YOUR TASK
The records below must be retyped exactly.

= = =

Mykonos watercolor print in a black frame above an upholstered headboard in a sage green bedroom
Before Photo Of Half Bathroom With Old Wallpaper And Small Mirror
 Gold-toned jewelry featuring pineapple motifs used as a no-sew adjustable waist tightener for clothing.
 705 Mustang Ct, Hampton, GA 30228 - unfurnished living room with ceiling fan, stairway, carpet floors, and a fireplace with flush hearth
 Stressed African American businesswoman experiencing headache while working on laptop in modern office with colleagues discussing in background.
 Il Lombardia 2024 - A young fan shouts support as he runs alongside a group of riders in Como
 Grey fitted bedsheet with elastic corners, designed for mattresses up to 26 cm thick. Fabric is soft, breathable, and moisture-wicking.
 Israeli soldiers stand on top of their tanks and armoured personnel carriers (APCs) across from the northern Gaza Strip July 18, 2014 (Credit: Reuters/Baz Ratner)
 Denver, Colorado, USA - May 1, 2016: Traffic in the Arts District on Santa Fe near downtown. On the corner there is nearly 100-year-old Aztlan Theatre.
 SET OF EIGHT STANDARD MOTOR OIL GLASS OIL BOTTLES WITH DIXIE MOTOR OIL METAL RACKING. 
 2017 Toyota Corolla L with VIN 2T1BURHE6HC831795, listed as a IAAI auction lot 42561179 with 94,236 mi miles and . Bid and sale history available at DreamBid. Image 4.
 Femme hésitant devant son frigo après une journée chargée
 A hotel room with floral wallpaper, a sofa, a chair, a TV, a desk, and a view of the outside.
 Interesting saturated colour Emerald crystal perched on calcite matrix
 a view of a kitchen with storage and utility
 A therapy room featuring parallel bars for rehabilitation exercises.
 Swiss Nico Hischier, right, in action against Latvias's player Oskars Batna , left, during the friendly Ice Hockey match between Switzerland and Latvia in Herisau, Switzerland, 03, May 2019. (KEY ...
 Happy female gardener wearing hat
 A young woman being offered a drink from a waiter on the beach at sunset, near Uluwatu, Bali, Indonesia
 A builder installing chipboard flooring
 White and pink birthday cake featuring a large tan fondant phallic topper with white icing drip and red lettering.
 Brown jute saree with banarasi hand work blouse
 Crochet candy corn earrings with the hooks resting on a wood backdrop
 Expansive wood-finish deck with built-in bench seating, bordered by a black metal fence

= = =

EXERCISE SOLUTION
Mykonos watercolor print in a black frame above an upholstered headboard in a sage green bedroom
Before Photo Of Half Bathroom With Old Wallpaper And Small Mirror
 Gold-toned jewelry featuring pineapple motifs used as a no-sew adjustable waist tightener for clothing.
 705 Mustang Ct, Hampton, GA 30228 - unfurnished living room with ceiling fan, stairway, carpet floors, and a fireplace with flush hearth
 Stressed African American businesswoman experiencing headache while working on laptop in modern office with colleagues discussing in background.
 Il Lombardia 2024 - A young fan shouts support as he runs alongside a group of riders in Como
 Grey fitted bedsheet with elastic corners, designed for mattresses up to 26 cm thick. Fabric is soft, breathable, and moisture-wicking.
 Israeli soldiers stand on top of their tanks and armoured personnel carriers (APCs) across from the northern Gaza Strip July 18, 2014 (Credit: Reuters/Baz Ratner)
 Denver, Colorado, USA - May 1, 2016: Traffic in the Arts District on Santa Fe near downtown. On the corner there is nearly 100-year-old Aztlan Theatre.
 SET OF EIGHT STANDARD MOTOR OIL GLASS OIL BOTTLES WITH DIXIE MOTOR OIL METAL RACKING. 
 2017 Toyota Corolla L with VIN 2T1BURHE6HC831795, listed as a IAAI auction lot 42561179 with 94,236 mi miles and . Bid and sale history available at DreamBid. Image 4.
 Femme hésitant devant son frigo après une journée chargée
 A hotel room with floral wallpaper, a sofa, a chair, a TV, a desk, and a view of the outside.
 Interesting saturated colour Emerald crystal perched on calcite matrix
 a view of a kitchen with storage and utility
 A therapy room featuring parallel bars for rehabilitation exercises.
 Swiss Nico Hischier, right, in action against Latvias's player Oskars Batna , left, during the friendly Ice Hockey match between Switzerland and Latvia in Herisau, Switzerland, 03, May 2019. (KEY ...
 Happy female gardener wearing hat
 A young woman being offered a drink from a waiter on the beach at sunset, near Uluwatu, Bali, Indonesia
 A builder installing chipboard flooring
 White and pink birthday cake featuring a large tan fondant phallic topper with white icing drip and red lettering.
 Brown jute saree with banarasi hand work blouse
 Crochet candy corn earrings with the hooks resting on a wood backdrop
 Expansive wood-finish deck with built-in bench seating, bordered by a black metal fence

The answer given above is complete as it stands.